**ASSIGNMENT**
What is needed is a faithful copy of all the entries, with no pictures in it.
· · · · ·
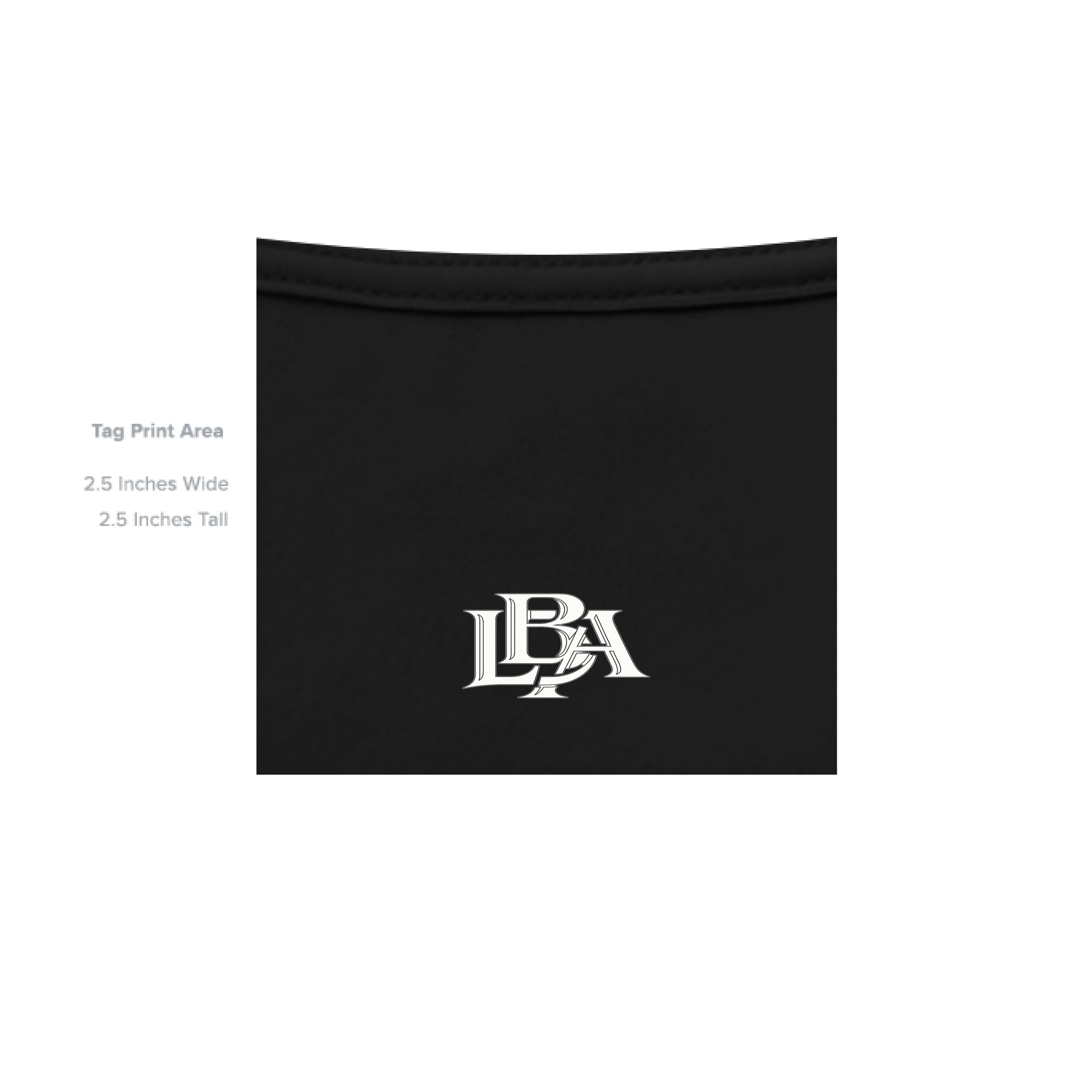 BLACK - INSIDE_TAG_LINE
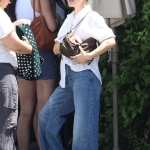 outlosfeliz300725-067.jpg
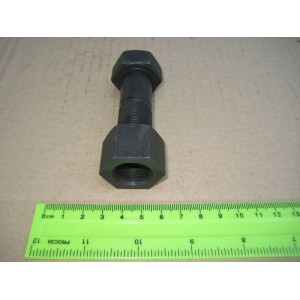 Запчасти на трактор Т-100, Т-130, Т-170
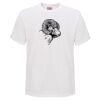Mens Quality Surf TShirt by Sportage Thumbnail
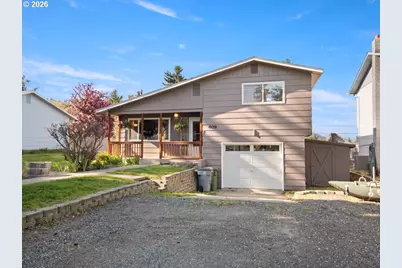 409 G Ave, La Grande, OR 97850 - Photo 13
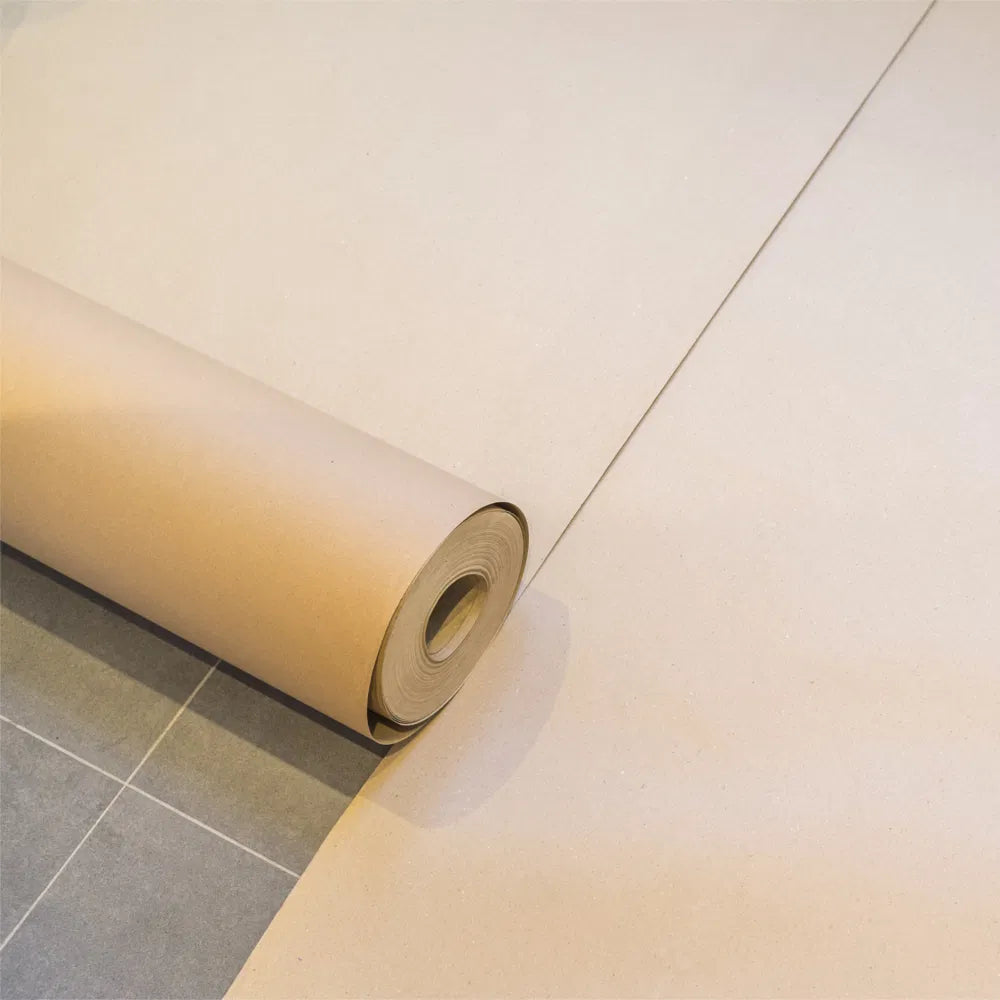 EcoTread Floor Card - Heavy Duty - 1m x 100m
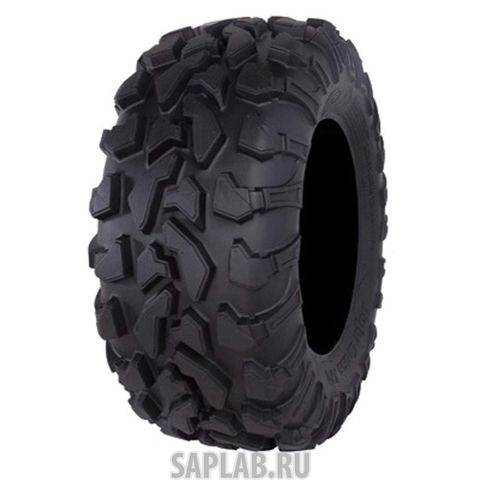 Купить ITP 6P0209 Шина для квадроцикла ITP BajaCross Sport 27x9R-14 6PR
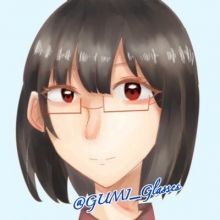 gumi.glasses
· · · · ·
**YOUR SOLUTION**
 BLACK - INSIDE_TAG_LINE
 outlosfeliz300725-067.jpg
 Запчасти на трактор Т-100, Т-130, Т-170
Mens Quality Surf TShirt by Sportage Thumbnail
 409 G Ave, La Grande, OR 97850 - Photo 13
 EcoTread Floor Card - Heavy Duty - 1m x 100m
 Купить ITP 6P0209 Шина для квадроцикла ITP BajaCross Sport 27x9R-14 6PR
 gumi.glasses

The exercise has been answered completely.